Pahitnya pengalaman ini juga dirasakan oleh Maisaroh (80) memiliki tugas sebagai petugas medis. Perjuangan istri dari (alm) RA. Manaf (Komandan Korem Bengkulu tahun 1973) ini lebih banyak bertugas di Palembang saat Jepang memasuki wilayah itu tahun 1942-1944. Pengalaman pahit dirasakan lulusan akper dari RS Benteng Palembang ketika Jepang mengusir ratusan pasien mereka dari RS Benteng keluar dari Kota Palembang. Mereka pun mencari perlindungan ke hutan dan menempuh perjalanan tujuh hari tujuh malam.

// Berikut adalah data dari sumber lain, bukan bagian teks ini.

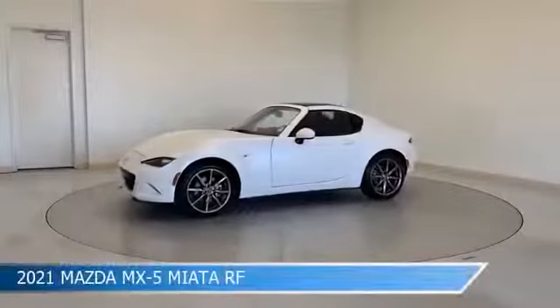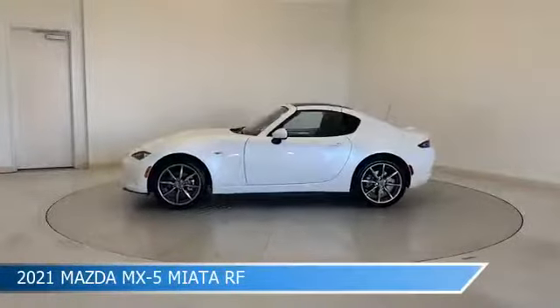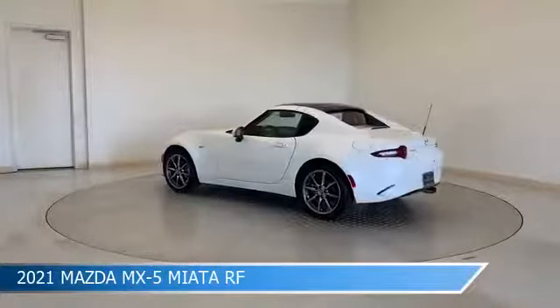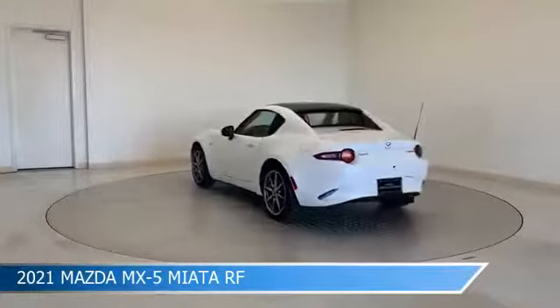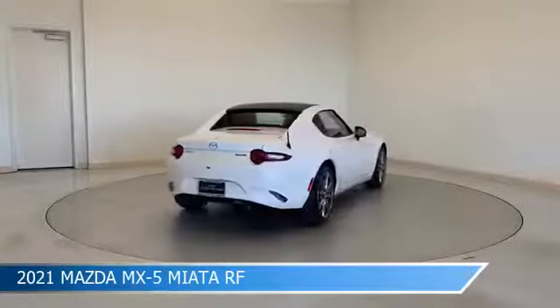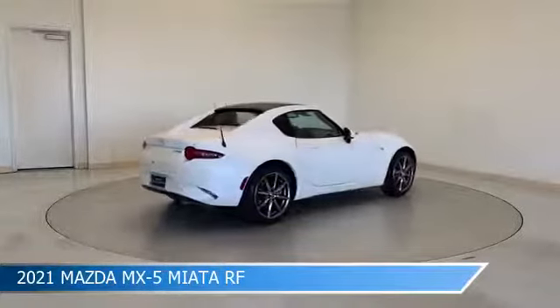Take a look at this 2021 Mazda MX-5 Miata RF, equipped with a 6-speed manual transmission in Snowflake White Pearl Mica. This car comes with some great features including Android Auto, Brake Assist, Anti-Lock Brakes, Apple CarPlay, and more.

Dari ratusan pasien, hanya sedikit yang selamat. Sebab ditengah jalan, peluru meriam dari kapal-kapal tentara penjajah dari sungai Musi terus menghantam. Mayat pun bergelimpangan. ”Korban ada yang tangan atau kakinya putus dan lainnya. Saya tidak bisa membayangkan kengerian waktu itu,” ujar ibunda dari Danlanal Batam, Letkol Faisal ini.
Sementara anggota Tentara Rakyat Indonesia Angkatan Muda Rakyat Indonesia (TRI Amris) tahun 1942, Hammado mengatakan bertugas mencari tempat istirahat dan mengirimkan logistik makanan kepada para pejuang yang sedang beristirahat. ”Itulah perjuangan saya,” ujar Hammado yang kini sehari-hari berkebun ini.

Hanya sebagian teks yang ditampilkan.